# Spring haircut for Vegas



## Fluffyspoos (Aug 11, 2009)

I think this is the most hand scissoring I've ever done on him before, which is.. most of him. I took a guard comb to get the length off his body, then scissored the rest. I like the outcome!


----------



## Mom-n-Reiki (Jan 6, 2013)

Wow! He looks great! I love the goatee (and that look he is giving the rottie is just too funny)
How long did it take for the scissor work?


----------



## CT Girl (Nov 17, 2010)

That was exactly my reaction - wow! He looks amazing. I can't imagine how long this took, not a hair out of place. You should put a poster sized picture at your grooming shop.


----------



## Fluffyspoos (Aug 11, 2009)

Thanks guys! 

As far as time it was hard to gauge, since I was working on and off on him between clients since it was a weird scheduling day. I think the body work took about an hour? That doesn't include face/feet/sanitary/bath+brush

The lengths are very interesting, on the sides of his neck, shoulders, and topline are SUPER short, about a quarter inch.


----------



## Ms Stella (Aug 16, 2010)

I like it! Manly yet soft and sculpted!


----------



## Joelly (May 8, 2012)

I love the style. He looks cute!!!


----------



## kcp1227 (Jan 25, 2013)

Love it! What length did you use on his back?

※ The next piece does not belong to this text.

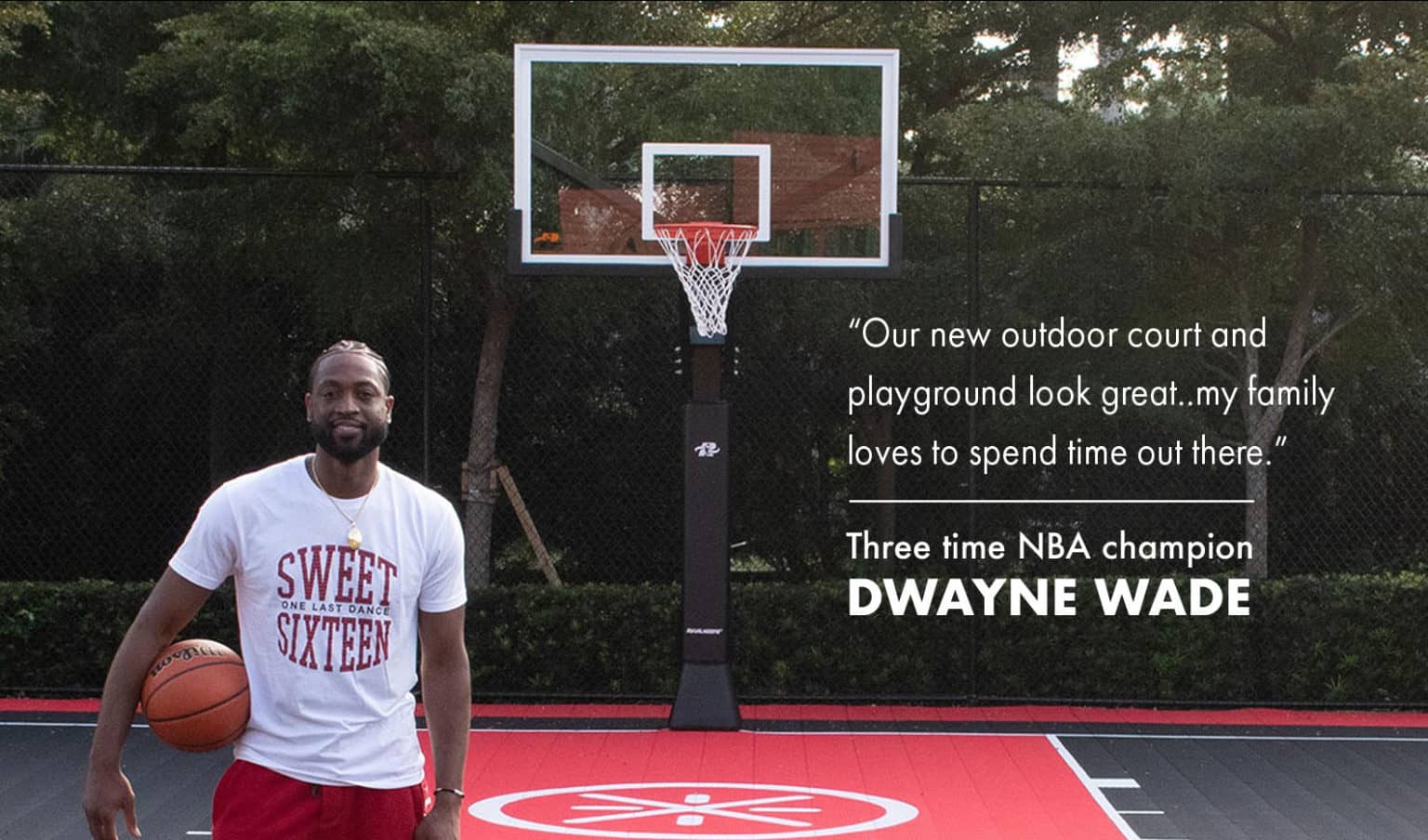 The NBA Basketball Hoop: The Official Height and NBA Rim Size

He's lookin at the rottie like, scuse you!


----------



## Fluffyspoos (Aug 11, 2009)

kcp1227 said:


> Love it! What length did you use on his back?
> 
> He's lookin at the rottie like, scuse you!


Yeah Silva the rottie was ALL up in Vegas' business!

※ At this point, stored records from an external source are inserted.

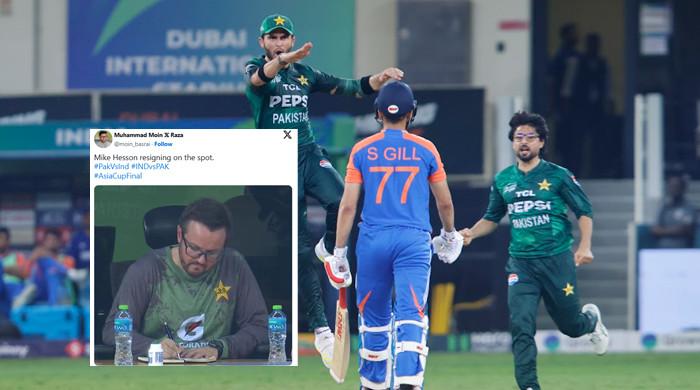Asia Cup 2025: Pakistanis keep meme game alive despite India defeat
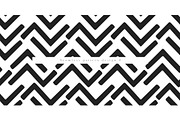 Geometric Shapes, a Pattern Graphic by Nadezda (Thumbnail 3 of 6)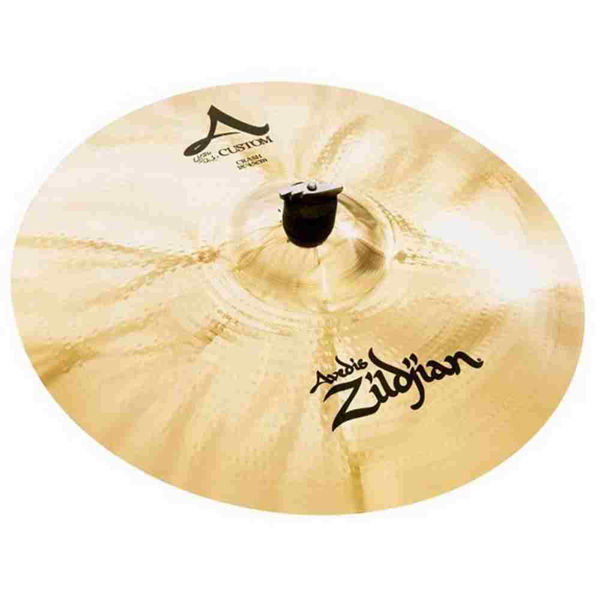 Cymbal Zildjian A. Custom Crash, 18, Brilliant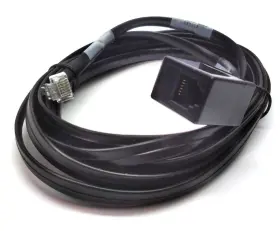 2171-k010 Apg Extension Cable Cord Kit For Ncr 2171 Cash Drawer 10 Feet 2171-k010 Apg Extension Cable Cord Kit For Ncr 2171 Cash Drawer 10 Feet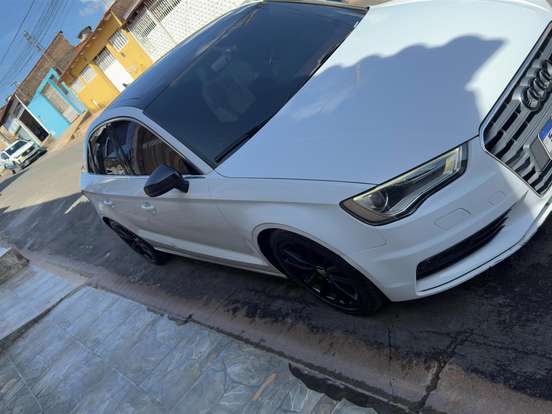 AUDI-A3-2.0 TFSI SEDAN AMBITION 16V GASOLINA 4P S-TRONIC AUDI-A3-2016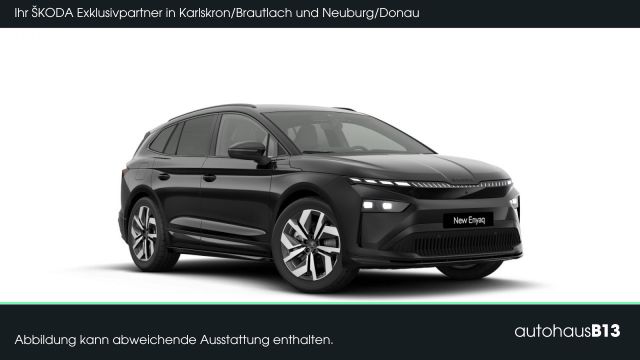 Skoda Enyaq 85x Sportline KAMERA+KEYLESS+SPURASSIST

If you have the wahl metal guard combs, it was the dark purple, or the #4. I think I used green C on his sides.


----------



## Indiana (Sep 11, 2011)

He's so pretty! I love the look of a true black poodle too. Wish I lived near you, I'd totally take my dogs to you for grooming.


----------



## LEUllman (Feb 1, 2010)

He looks magnificent. I still think he looks like a jazzman. All he needs is a pork pie hat.


----------



## poo lover (Nov 7, 2012)

wow he looks great so handsome.


----------



## Pamela (Sep 9, 2008)

beautiful! what a difference scissoring makes!


----------